Go through the listing below, and from the line containing "Marks and Spencer" through its last line, transcribe every line exactly, skipping pictures.

RECORDS PROVIDED>

---+---

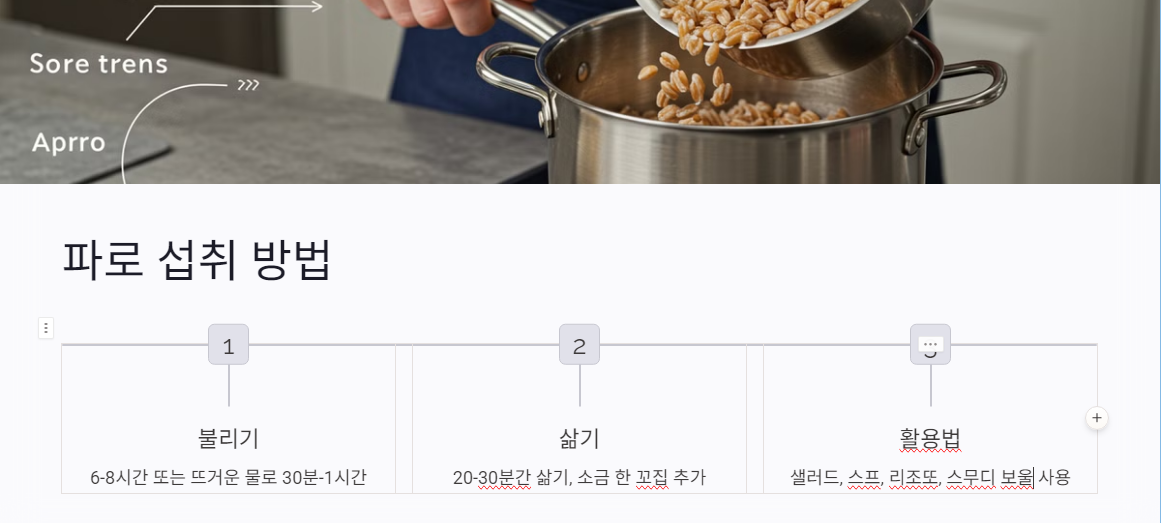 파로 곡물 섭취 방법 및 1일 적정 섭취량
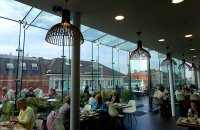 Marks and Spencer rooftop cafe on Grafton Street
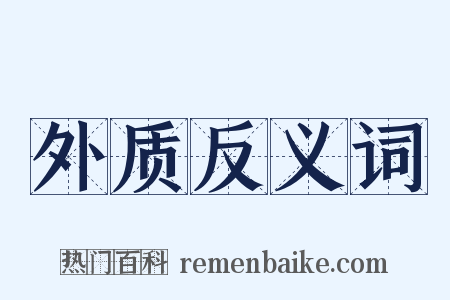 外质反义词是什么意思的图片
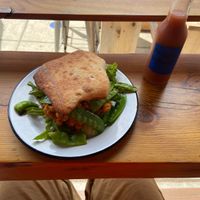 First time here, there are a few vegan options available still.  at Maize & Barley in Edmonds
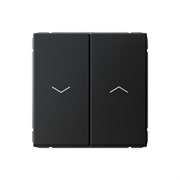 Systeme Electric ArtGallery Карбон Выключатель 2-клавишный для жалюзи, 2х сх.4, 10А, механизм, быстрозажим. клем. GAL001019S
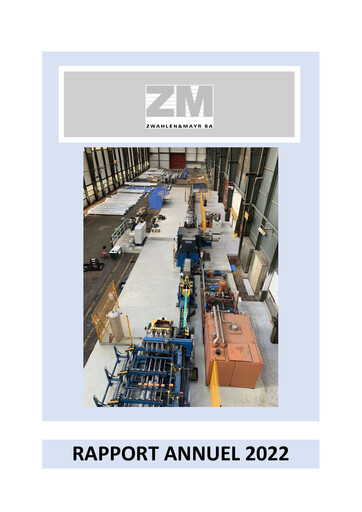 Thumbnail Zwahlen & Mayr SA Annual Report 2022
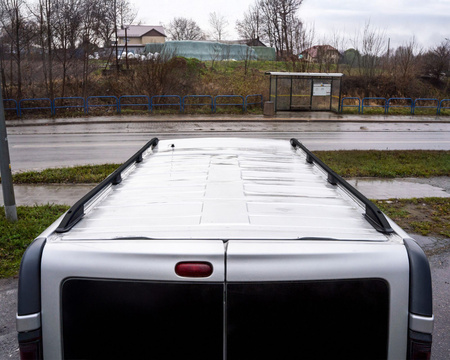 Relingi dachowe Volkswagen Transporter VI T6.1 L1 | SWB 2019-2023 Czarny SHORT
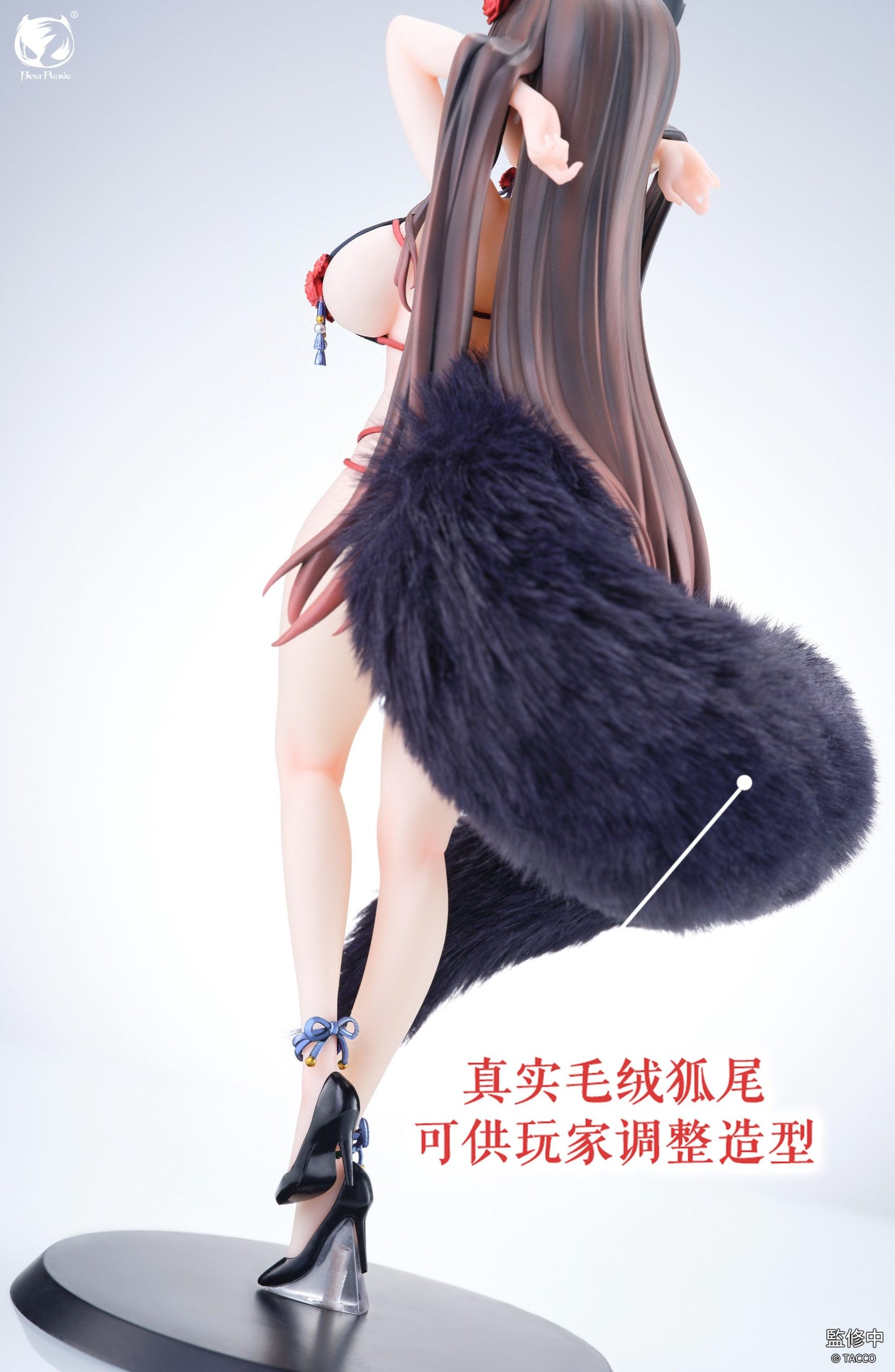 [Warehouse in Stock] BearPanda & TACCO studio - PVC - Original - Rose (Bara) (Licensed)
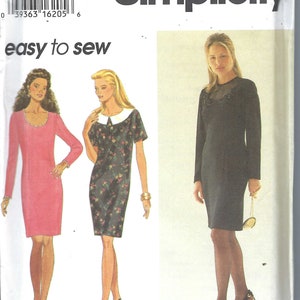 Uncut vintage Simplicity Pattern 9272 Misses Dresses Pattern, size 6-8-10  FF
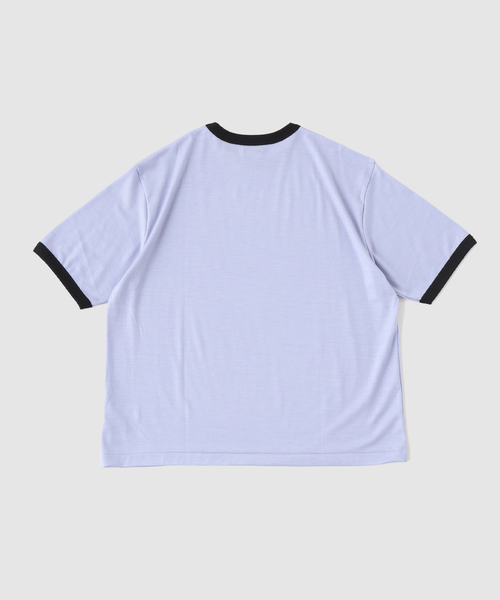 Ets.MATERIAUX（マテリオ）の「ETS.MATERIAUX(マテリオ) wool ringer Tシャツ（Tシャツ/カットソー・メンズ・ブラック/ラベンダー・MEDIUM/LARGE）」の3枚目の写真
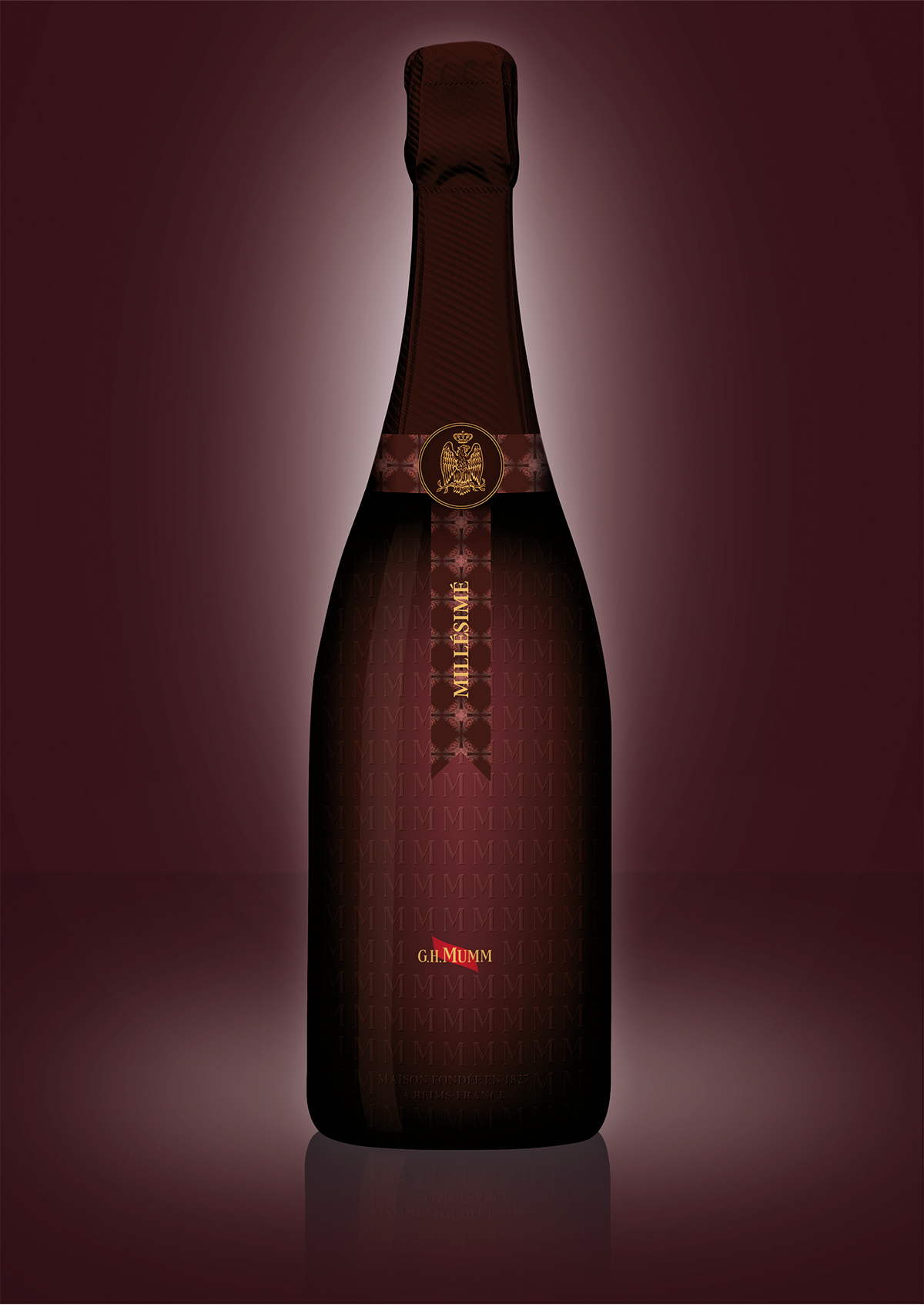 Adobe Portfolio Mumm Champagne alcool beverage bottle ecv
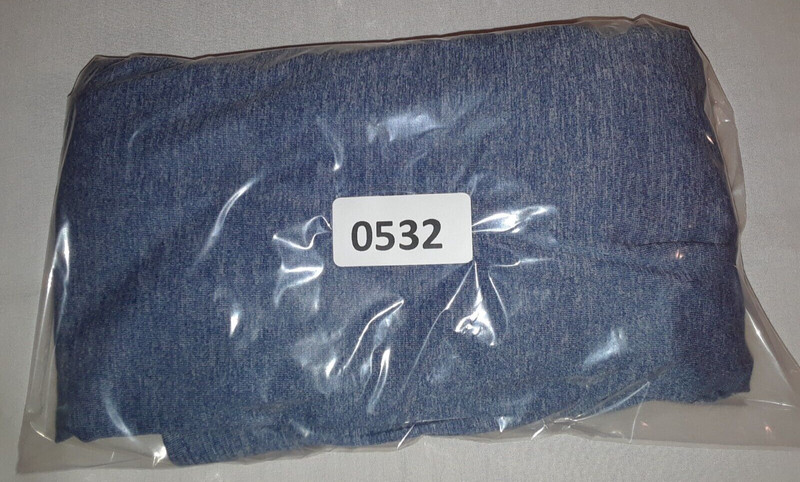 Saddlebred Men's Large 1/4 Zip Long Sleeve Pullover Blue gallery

---+---

ANSWER TO THIS PROBLEM>
 Marks and Spencer rooftop cafe on Grafton Street
 外质反义词是什么意思的图片
 First time here, there are a few vegan options available still.  at Maize & Barley in Edmonds
 Systeme Electric ArtGallery Карбон Выключатель 2-клавишный для жалюзи, 2х сх.4, 10А, механизм, быстрозажим. клем. GAL001019S
 Thumbnail Zwahlen & Mayr SA Annual Report 2022
 Relingi dachowe Volkswagen Transporter VI T6.1 L1 | SWB 2019-2023 Czarny SHORT
 [Warehouse in Stock] BearPanda & TACCO studio - PVC - Original - Rose (Bara) (Licensed)
 Uncut vintage Simplicity Pattern 9272 Misses Dresses Pattern, size 6-8-10  FF
 Ets.MATERIAUX（マテリオ）の「ETS.MATERIAUX(マテリオ) wool ringer Tシャツ（Tシャツ/カットソー・メンズ・ブラック/ラベンダー・MEDIUM/LARGE）」の3枚目の写真
 Adobe Portfolio Mumm Champagne alcool beverage bottle ecv
 Saddlebred Men's Large 1/4 Zip Long Sleeve Pullover Blue gallery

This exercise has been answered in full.